What is really in the header of binary files?

Anything QL Software or Programming Related.
Robbizz
ROM Dongle
Posts: 11
Joined: Mon May 29, 2023 11:23 pm

What is really in the header of binary files?

Post by Robbizz »

Hi everyone,
I recently built a serial cable for Sinclair QL and I'm trying to understand how to juggle the binary files of my QL and how to transfer the latter from the PC to the QL while keeping the header of these files intact.
I know it's a much discussed topic online and there are many suggestions/solutions to the problem; but what I want to understand is what the header actually contains, what it is for and also how to preserve it.

1. First of all, I often find that Windows destroys the header of binary files as soon as you unpack a Sinclair QL .zip file. But only Windows? Linux, Mac doesn't do it?

2. Does every executable binary file have a header? I often hear talk that "probably" if unzipped out of Sinclair QL it won't work. So sometimes there might not even be a header?

3. Then, following up with the questions: what does the header of binary files consist of?
I found this explanation online:

Code: Select all

Header:

[255]
[length highest byte]
[length]
[length]
[length lowest byte]
[0]
[0]
[0]
[0]
[0]
[0]
[0]
[0]
[0]
[0]
[byte x length of actual data...]

So, sending a file with a length of 16 bytes would mean sending this data over the serial:

255,0,0,0,16,0,0,0,0,0,0,0,0,0,0,11,22,43,54,25,64,17,108,19,20,44,22,13,11,10,6

(The 16 bytes here are just bogus numbers).
It's really like this? I have doubts because by opening an executable binary file, where I managed to make it work with a real Sinclair QL (not an emulator), I opened that file with a hex editor and at the beginning of the file I did not find any of the codes exposed above.

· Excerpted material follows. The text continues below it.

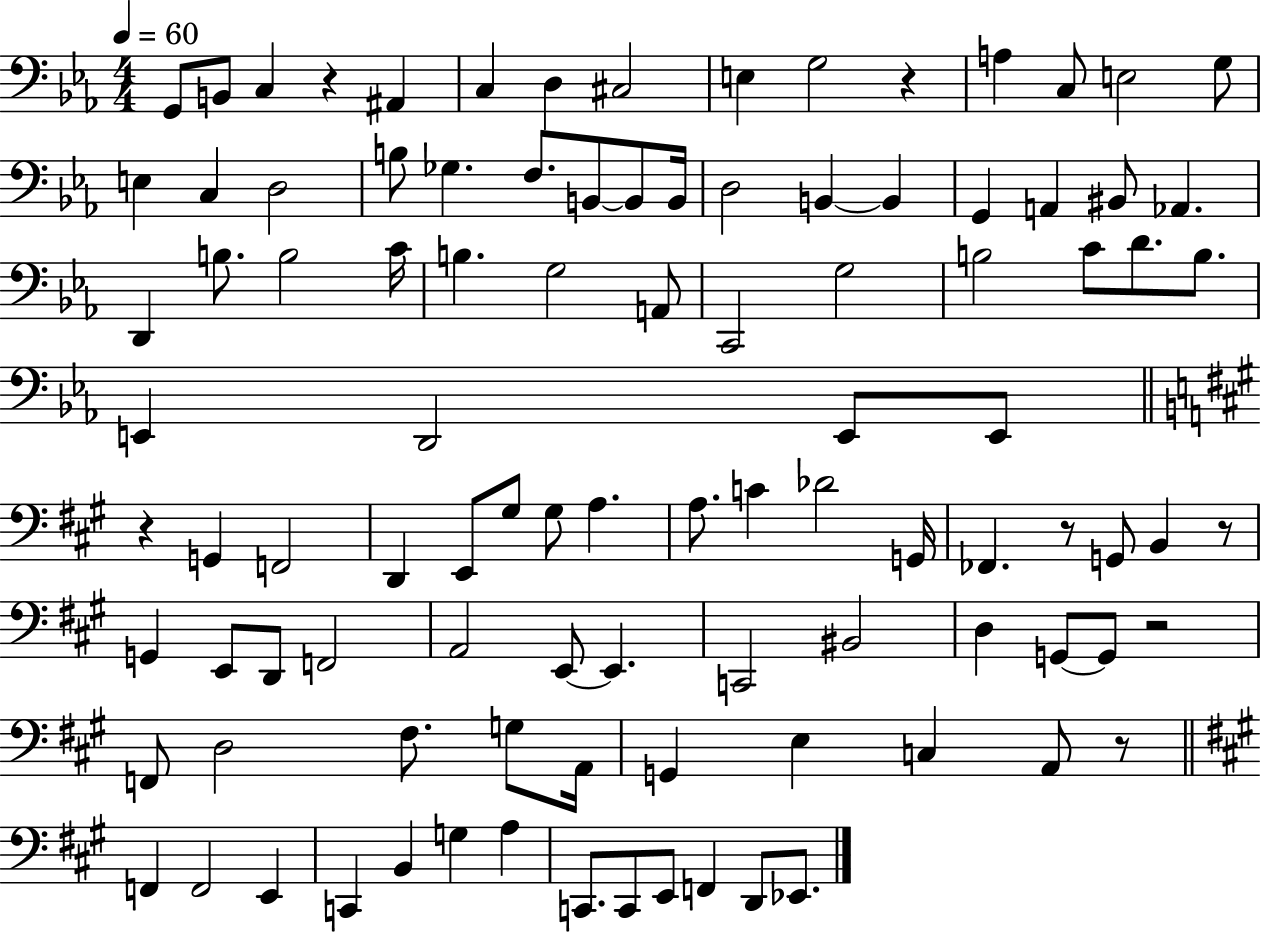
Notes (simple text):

3. From what I can understand (see point 3), the header of a binary executable file is used to inform the system of how much memory the system must reserve for that program (of course, correct me because this is my assumption). So, I thought, what if a command like:

Code: Select all

EXEC MDV1_NOMEPROG
It gives me as a result:

Code: Select all

BAD PARAMETER
It means that program has lost its header. Well, I said to myself; because if I can't get it to run with that command, I can reserve the memory myself with a few lines of SuperBASIC. If the program (for example Qterm) is 23172 Bytes large I can do it like this:

Code: Select all

23172 / 1024 = 22.63 
So I'll reserve 23 * 1024:

Code: Select all

110 qterm=RESPR(23*1024)
120 LBYTES mdv1_qterm_cde,qterm
130 CALL qterm
And it actually works (with Qterm), but not always because I managed to transfer all the programs that make up the GST Assembler micro cassette to QL, and a:

Code: Select all

EXEC mdv1_asm
He gives me:

Code: Select all

BAD PARAMETER
So I thought about reserving space manually by calculating the size of the program, as I did in the example with Qterm, but the QL freezes without displaying the flashing cursor, forcing me to do a reset.
Unfortunately I can't use programs like unzip under QL, this is because they are heavy: I have a QL that doesn't expand (128K) and I use Qemulator which, in the basic version, doesn't support more than 128K. I therefore thought of using a microdrive (in the QL emulator) to open the .zip files and using the second microdrive, configured with a folder in my Mac's file system. Once this is done, I manually transfer the files from microdrive 1 to the 2 (always under emulator) and then from the folder I send them via serial to the real QL.


User avatar
dilwyn
Mr QL
Posts: 2761
Joined: Wed Dec 01, 2010 10:39 pm

Re: What is really in the header of binary files?

Post by dilwyn »

If your QL has Toolkit 2, you could use the COPY_H extension to force copying of a header. Or COPY_N to force copying without a header, e.g. if copying to a printer where any header bytes might accidentally act as control codes to put printers in random modes and spoil the listings.

But if that header had been lost on a native format drive which did not store QL executable file headers in the first place, even that can't fully restore the header.

So disappointing that after 40 years the principle of lost executable headers is still not understood despite it being explained everywhere.

If you have an emulator, there is a potential extra problem - some emulators get around the loss of executable file headers on native format drives by adding a preamble equivalent to the file header at one end of the file. Short of knowing how to strip these, you're onto a loser if that was the case.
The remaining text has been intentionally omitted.